Users can generate video presentations by simply inputting a script. Synthesia’s software will generate an uncannily human-esque speaker with increasingly lifelike body language and facial expressions (if you haven’t seen it in action, it is both genuinely impressive and a little terrifying). Investors include Google Ventures, Accel and MMC Ventures.
Valuation: $1.8bn
Quantexa develops AI analytics tools are used to detect and prevent financial crime, an area of increasing importance with fraud costing the UK billions. It achieved its impressive valuation following a $129m Series E round in 2023.

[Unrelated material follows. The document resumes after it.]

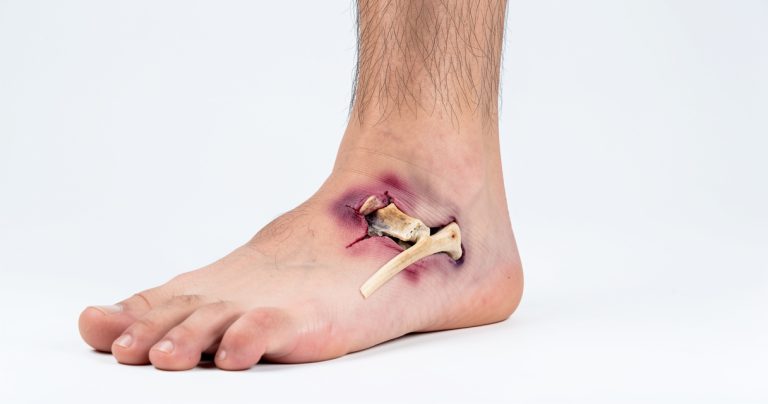 Arrachement osseux à la cheville : symptômes, traitements et temps de guérison (guide complet)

The company has been keen to establish itself as a global player, becoming the first British company to join the World Economic Forum’s Unicorn Community in January.
Valuation: $1bn
At the best of times considered Britain’s answer to OpenAI, Stability has more recently been known for its…staffing issues.
The company rose to prominence off the back of its image and video generating AI models, not unlike Dall-E and Sora. Though its technology is undeniably powerful, between 2023 and 2024, the company bled through senior management.

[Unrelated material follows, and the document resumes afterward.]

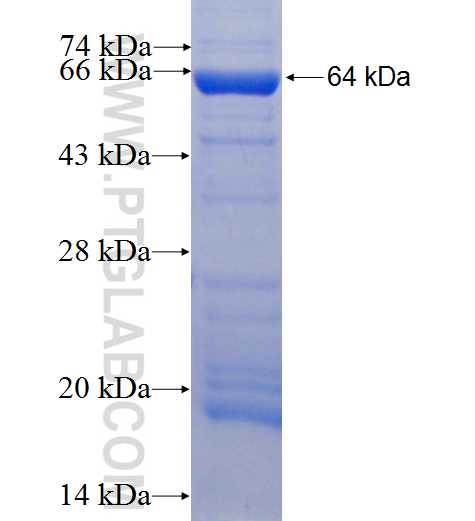 SERPINA7 fusion protein Ag9781 SDS-PAGE SERPINA7 fusion protein Ag9781 SDS-PAGE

The head of its audio team resigned over ethical issues regarding its position on the use of copyrighted material, and not long after it also lost its founding CEO Emad Mostaque, CTO Tom Mason and one of its original developers Tobin Rombach. Last year, the company was able to bring on a big name in AI to its board with the surprise appointment of Terminator director James Cameron.
Valuation: $1bn
Described by a Microsoft executive has “creating an entirely new category” of AI business, Builder’s platform uses artificial intelligence to develop entire apps at the behest of its users, which includes JP Morgan Chase.
The Microsoft-backed company has also received a healthy amount of support from the sovereign wealth fund of Qatar, which led its £200m Series D in 2023.
Valuation: $1bn
Bringing artificial intelligence to the insurance and disaster recovery industry, Tractable has built a platform trained on millions of datapoints that can analyse images of cars and homes to assess the damages and offer recommendations based on the result.
Tractable became the UK’s first computer vision unicorn in 2021 courtesy of a $60m investment from Insight Partners and Georgian Partners and has since received additional funding from SoftBank’s Vision Fund II.
Valuation: $560m – $840m
Like Wayve, Oxa develops software for autonomous vehicles. The Oxford-based firm has deployed its tech in a number of commercial ventures, including shuttle services in Britain and the US.
The Google-backed firm also recently set its sights on bringing self-driving technology to industrial logistics through the acquisition of StreetDrone.
Valuation: $800m
By the standards of this list, DeepMind is a pretty old company, having been founded in the distant era of 2010. A true pioneer of modern AI, much of the success of the industry in the 2020s owes itself to the work of DeepMind’s researchers and engineers.
The company received an offer to be bought by Mark Zuckerberg for $800m in 2014 but turned it down in favour of a lower offer from Google and has now become responsible for the nearly all the tech giant’s entire AI offering. As a standalone entity, its value would likely be in the tens of billions of dollars by now.
In 2023, the DeepMind-made Gemini was launched to take on ChatGPT and remains Google’s flagship generative AI product.
Valuation: $500m
Founded in 2017 as a spinout from the University of Cambridge, PolyAI develops AI-generated voices designed for customer service centres.
Run by Nikola Mrkšić – a former Apple engineer who helped create the voice assistant Siri – PolyAI’s clients include Volkswagen and Marriott and Ceasar’s Entertainment. The company has been backed by NVentures, the VC arm of NVIDIA.